Entre el 25 y el 28 de mayo, los delegados eligieron a su presidente, George Washington, y a su secretario, William Jackson, de Georgia, y aprobaron el reglamento. Desde el 29 de mayo, cuando Edmund Randolph, de Virginia, presentó las resoluciones conocidas como el «Plan de Virginia», hasta el 14 de junio, los delegados de los estados grandes se impusieron en casi todas las cuestiones. El Plan de Virginia esbozaba un gobierno nacional con poderes legislativo, ejecutivo y judicial supremos, separados, tal como lo requería el pensamiento de Montesquieu: la América revolucionaria estuvo más influenciada por Montesquieu que por Locke, que sí había tenido éste mucha importancia en la época colonial, siendo el filósofo de moda.

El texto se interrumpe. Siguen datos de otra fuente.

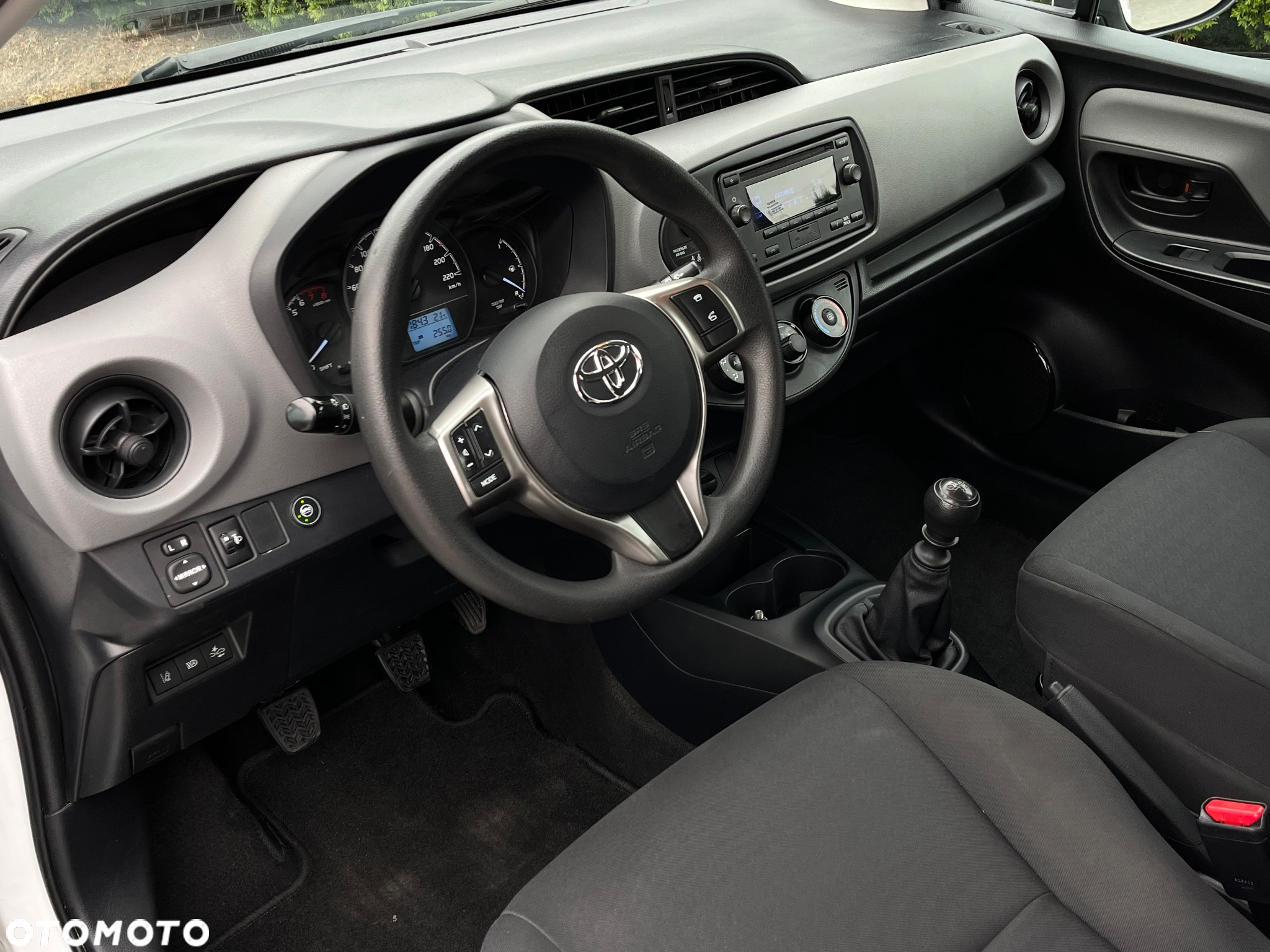 Toyota Yaris - 17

El 15 de junio, los delegados de los estados pequeños contraatacaron, respaldando el Plan de Nueva Jersey de William Peterson, que no era más que una reformulación de los Artículos de la Confederación que otorgaba más poder al Congreso. El 19 de junio, la Convención reafirmó el Plan de Virginia, pero los delegados de los estados grandes y los de los estados pequeños se enfrentaron durante semanas por la representación en el Congreso. Los delegados de los estados pequeños luchaban por la igualdad de los estados en el Congreso; los delegados de los estados grandes exigían una representación basada en la población. Este conflicto se prolongó hasta el 16 de julio, cuando la Convención adoptó el Gran Compromiso o Compromiso de Connecticut. Este Compromiso combinaba el Plan de Virginia (criterio de población) y el Plan de Nueva Jersey (criterio de igualdad), creándose así un Congreso bicameral: una Cámara de Representantes por población y un Senado con igualdad por estado. Si una nación se constituye por ciudadanos y territorios se impone que en sus máximas instituciones de poder estén representados tanto los ciudadanos como los territorios.
Del 19 al 26 de julio, los delegados examinaron minuciosamente el plan, retocándolo y ajustándolo, y luego suspendieron la sesión durante una semana. Durante el receso, Randolph preparó el primer borrador de la Constitución, basándose en los consejos de Wilson. Los delegados se reunieron de nuevo el 6 de agosto. Durante las siguientes cinco semanas, abordaron los problemas que habían pospuesto, como la elaboración de un método para elegir al presidente y al vicepresidente. También adoptaron compromisos para apaciguar a los estados esclavistas. Del 10 al 12 de septiembre, el Comité de Estilo y Estructura redactó el borrador final de la Constitución (asignando esta tarea a Gouverneur Morris, de Pensilvania, el gran amigo de Alexander Hamilton, a quien éste escribió una carta en la que por vez primera aparece la expresión “representative Democracy”, diferenciando la Democracia Americana de la Democracia Clásica). Entre el 12 y el 17 de septiembre, los delegados llevaron a cabo la última fase de revisión. El 17 de septiembre de 1787, 37 de los 40 delegados presentes votaron a favor de aprobar y firmar la Constitución, y de remitirla al Congreso de la Confederación. Aquellos americanos habían llevado a cabo la mayor hazaña política desde la Democracia Ateniense.